Wszystko zależy od tego jak zostanie rozwiązana kwestia kosztów obsługi. Przy założeniu, że obecnie systemem świadczeń 500+ objętych jest circa 54% ogółu dzieciaków, nie ma moim zdaniem realnych szans na utrzymanie 1,5 % dotacji.Iks pisze:Z poprzednikiem* Natomiast ja nie liczę na nic i po prostu szukam nowej pracy już teraz - przelało się w momencie jak moi przełożeni stwierdzili, że dodatkowe 1200 wniosków wcale nie oznacza, że będę miał dodatkową pracę.
Zmniejszenie kosztów do 0,75% spowoduje, że pieniądze będą nieznacznie, ale jednak niższe niż obecnie i tego się obawiam.
Akceptowalna, z mojego punktu widzenia byłaby stawka 1% na koszty obsługi, która umożliwiłaby albo okresowe dotrudnienie ludzi, albo zrekompensowałaby zwiększony ilościowo nakład pracy już zatrudnionych pracowników.
Druga strona medalu jest taka, że postępowanie znacząco się upraszcza, nie ma potrzeby analizowania sytuacji materialnej rodziny, zbierania dokumentów potwierdzających utraty/uzyskania dochodu, nawet niepełnosprawność jest bez znaczenia.
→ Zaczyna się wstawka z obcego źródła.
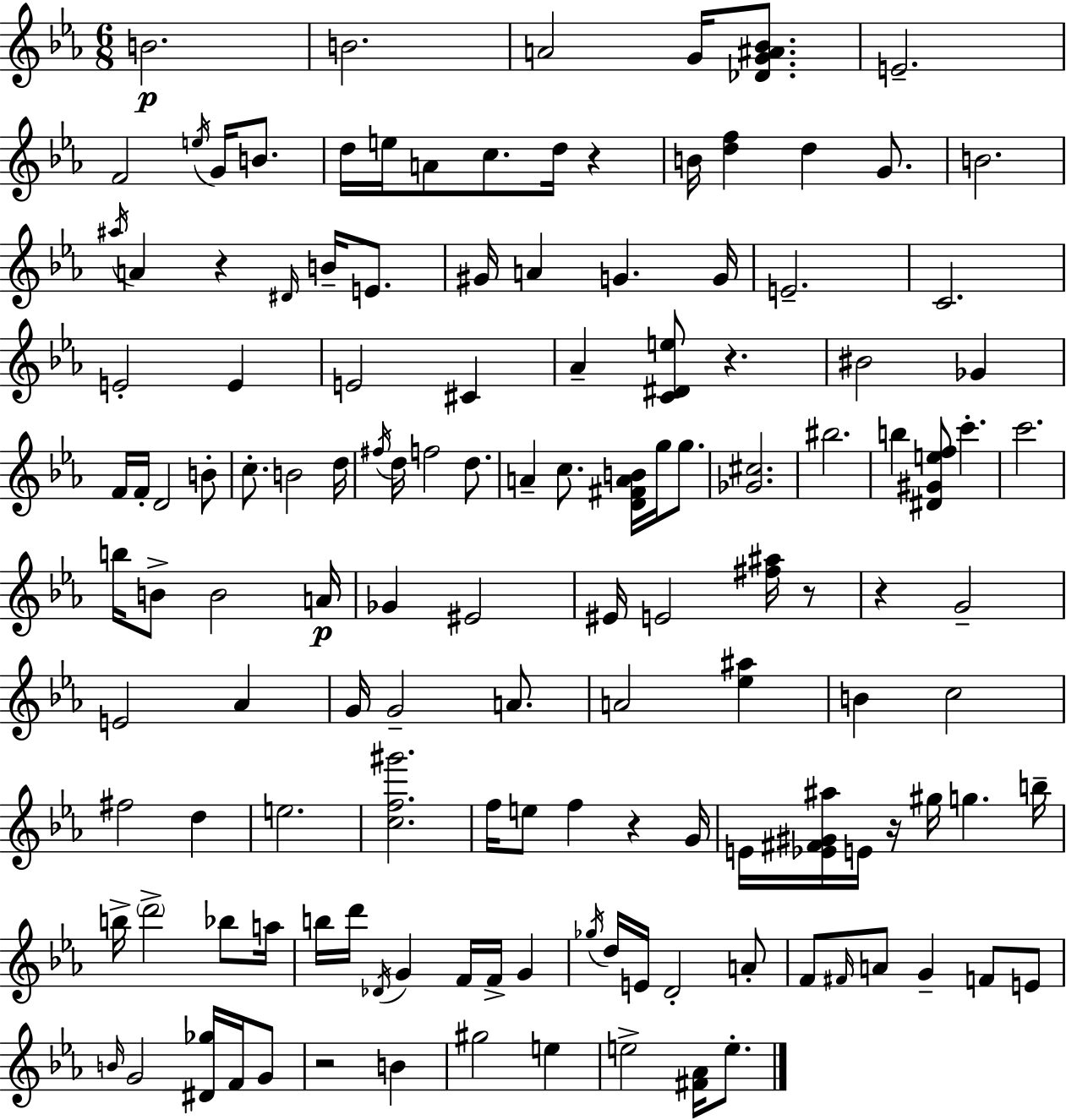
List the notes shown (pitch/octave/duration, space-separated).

B4/h. B4/h. A4/h G4/s [Db4,G4,A#4,Bb4]/e. E4/h. F4/h E5/s G4/s B4/e. D5/s E5/s A4/e C5/e. D5/s R/q B4/s [D5,F5]/q D5/q G4/e. B4/h. A#5/s A4/q R/q D#4/s B4/s E4/e. G#4/s A4/q G4/q. G4/s E4/h. C4/h. E4/h E4/q E4/h C#4/q Ab4/q [C4,D#4,E5]/e R/q. BIS4/h Gb4/q F4/s F4/s D4/h B4/e C5/e. B4/h D5/s F#5/s D5/s F5/h D5/e. A4/q C5/e. [D4,F#4,A4,B4]/s G5/s G5/e. [Gb4,C#5]/h. BIS5/h. B5/q [D#4,G#4,E5,F5]/e C6/q. C6/h. B5/s B4/e B4/h A4/s Gb4/q EIS4/h EIS4/s E4/h [F#5,A#5]/s R/e R/q G4/h E4/h Ab4/q G4/s G4/h A4/e. A4/h [Eb5,A#5]/q B4/q C5/h F#5/h D5/q E5/h. [C5,F5,G#6]/h. F5/s E5/e F5/q R/q G4/s E4/s [Eb4,F#4,G#4,A#5]/s E4/s R/s G#5/s G5/q. B5/s B5/s D6/h Bb5/e A5/s B5/s D6/s Db4/s G4/q F4/s F4/s G4/q Gb5/s D5/s E4/s D4/h A4/e F4/e F#4/s A4/e G4/q F4/e E4/e B4/s G4/h [D#4,Gb5]/s F4/s G4/e R/h B4/q G#5/h E5/q E5/h [F#4,Ab4]/s E5/e.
Wniosek przypomina 300+, tyle że zamiast sprawdzać szkoły, trzeba sprawdzać koordynację. Wszyscy dobrze wiemy ile czasu zajmowało wytworzenie rozstrzygnięcia w 500+ z utratą i uzyskaniem w mieszanej rodzinie z alimentami, a ile wniosku wyłącznie na drugie dziecko.